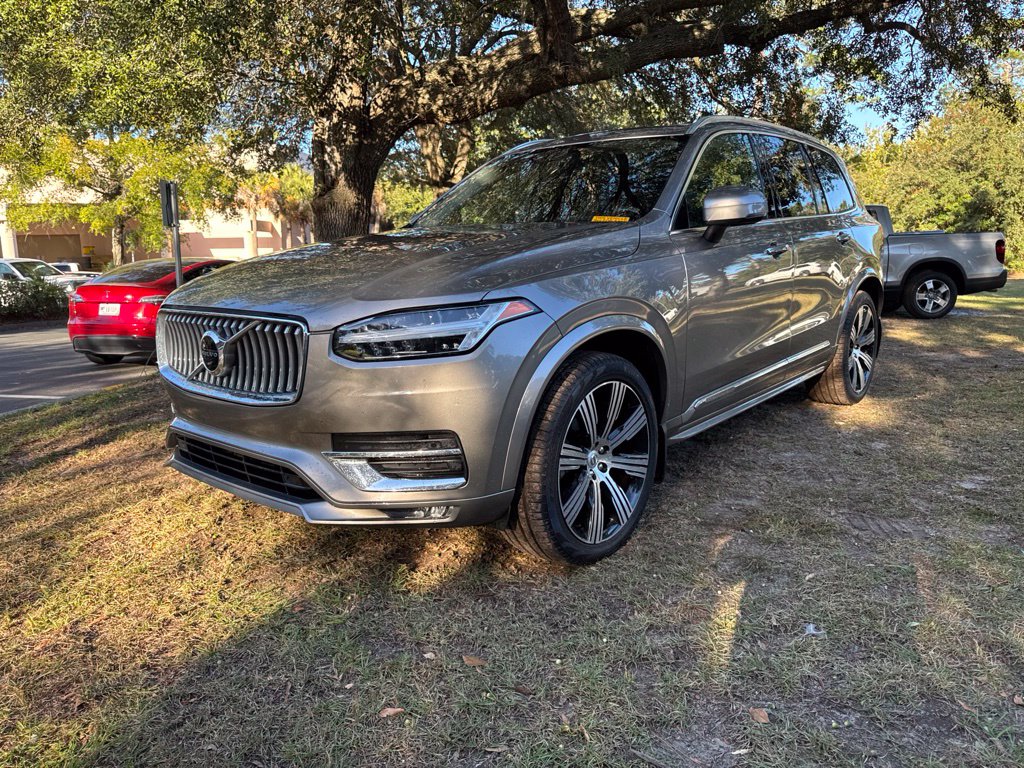 Used 2020 Volvo XC90 T6 Inscription SUV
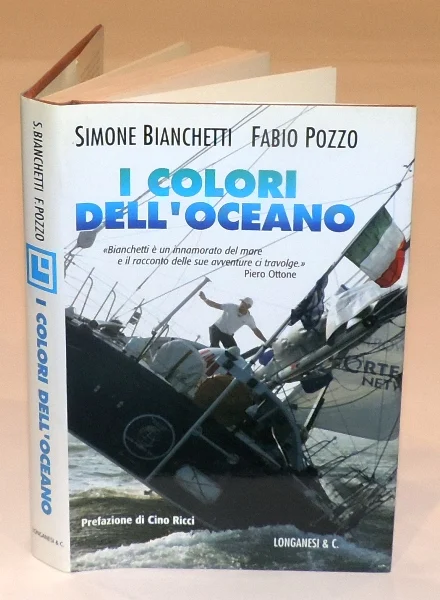 i colori dell’oceano - Libri e DVD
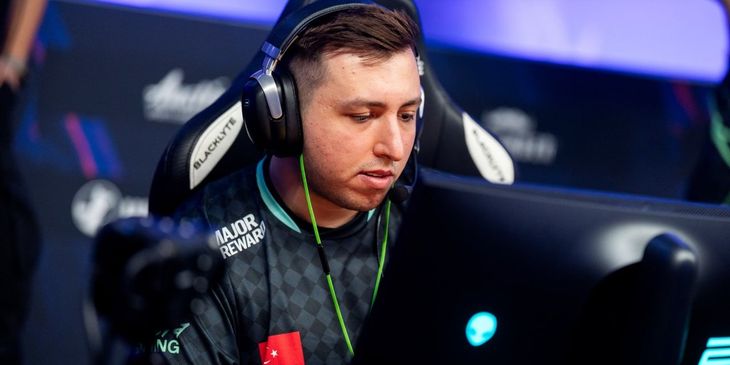 Aurora Gaming выбила M80 из Esports World Cup 2026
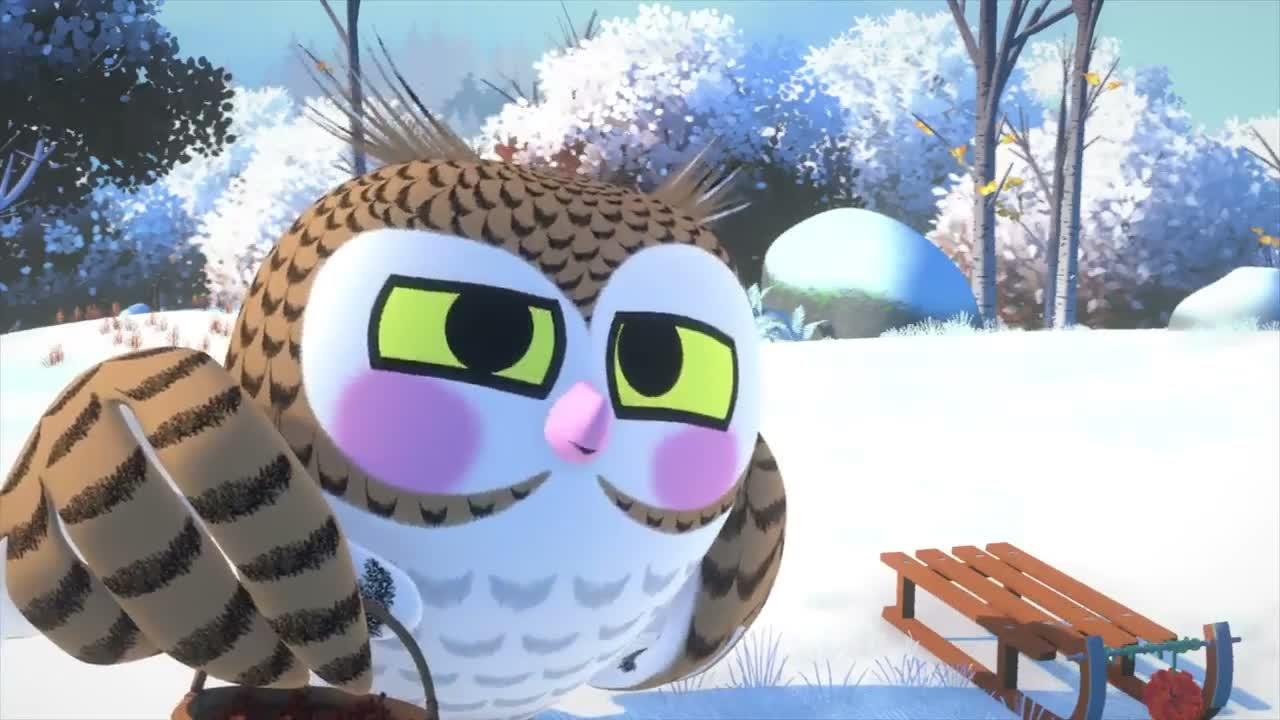 S01E20-Hunting for Surprises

:: What the task asks ::
Only the lines from the one holding "i colori dell’oceano - Libri e DVD" through the end of the data are to be printed, exactly as they stand and with no pictures.

:: Task solution ::
 i colori dell’oceano - Libri e DVD
 Aurora Gaming выбила M80 из Esports World Cup 2026
 S01E20-Hunting for Surprises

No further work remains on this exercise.